There was a block on Rock.
For the past month, e-mails from a colorful and combative developer named Rock Ferrone never reached the inboxes of their intended recipients -- Allegheny County officials.
Unbeknownst to members of County Council, the administration of county Chief Executive Dan Onorato had installed what might be called a "Ferrone filter," blocking all of the developer's e-mails.
When officials in the county Department of Economic Development stopped returning his e-mails, Ferrone just assumed he was being ignored.
"Quite frankly, I was getting aggravated," he said.
But on Monday, Dennis Davin, the department's director, assured Ferrone over the phone that he wasn't being ignored. He was being filtered out, like so much pornographic spam.
Rocks, it turns out, have emotions, and this one got angry.
He called county Councilwoman Jan Rea, R-McCandless, and she got angry, too.
She hadn't known that Ferrone had sent her e-mails in January.
"I think this is just outrageous that anybody would have been prevented from reaching their representatives in county government," Rea said.
The power of the press quickly shattered the block on Rock, though.
When I called the county's computer department to ask about the problem, Manager Per Madsen promised to look into it.
Less than an hour later, Ferrone's e-mails began rolling into county inboxes again.
Onorato maintained yesterday that the existence of the block came as much as a surprise to him as it did to Rea.
"I have no idea what you're talking about," he told me.
Davin accepted responsibility, saying he was attempting to protect his employees, and only his employees, from the venom of Ferrone, who has adopted a rather unconventional approach to winning county government support for his proposed West Deer office park.
Ferrone has put up a Web site called www.thewrongdecision.com, which is devoted to portraying Onorato as corrupt.

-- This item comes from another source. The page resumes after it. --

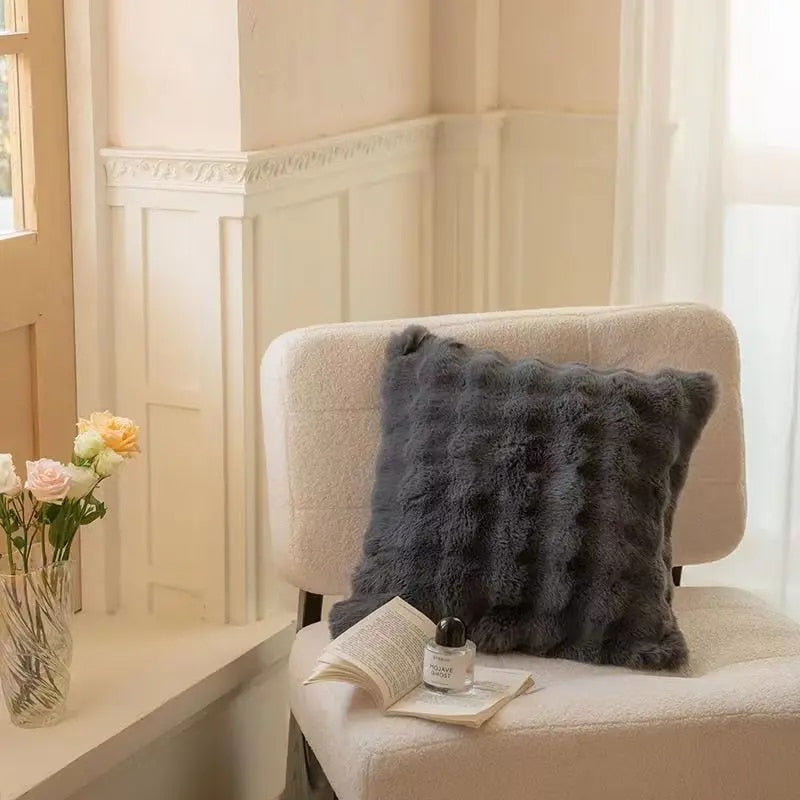 שמיכת פרווה מלאכותית של ארנב אוריאהווייב, רכה ומפנקת לחום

If that's the developer's strategy for obtaining additional county funds for his project, it is backfiring.
The relationship between Ferrone and the Onorato administration has become so chilly that council took the unusual step on Jan. 4 of formally asking the chief executive to cooperate with the developer.
It was right around then that Davin asked the county's computer division to block Rock's e-mails from the inboxes of economic development employees.
But the county does not have the technology to filter e-mails on a department-by-department basis. So once Madsen's crew added Ferrone to the filter, nobody in county government could receive an e-mail from the developer.
And no one thought to notify County Council.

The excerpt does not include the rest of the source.